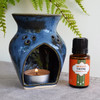 Thyme Essential Oil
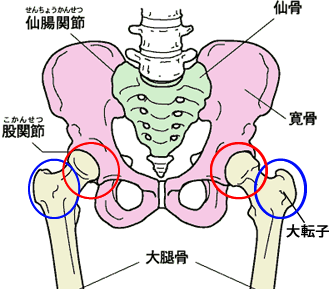 股関節は骨盤の寛骨（かんこつ）にある関節です。仙腸関節がずれると寛骨がずれる為に股関節の位置が変わって股関節の不調の原因となってしまうのです。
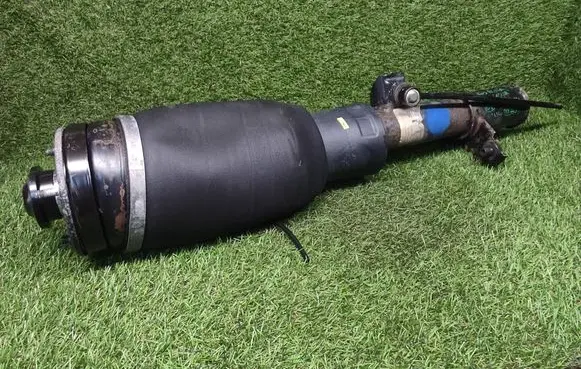 Land Rover Range Rover L322 Air suspension front shock absorber 22238311 LR051702 RNB501270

## WORK INSTRUCTIONS
Without any pictures, return the material above exactly.

## THE COMPLETED TASK
 Thyme Essential Oil
 股関節は骨盤の寛骨（かんこつ）にある関節です。仙腸関節がずれると寛骨がずれる為に股関節の位置が変わって股関節の不調の原因となってしまうのです。
 Land Rover Range Rover L322 Air suspension front shock absorber 22238311 LR051702 RNB501270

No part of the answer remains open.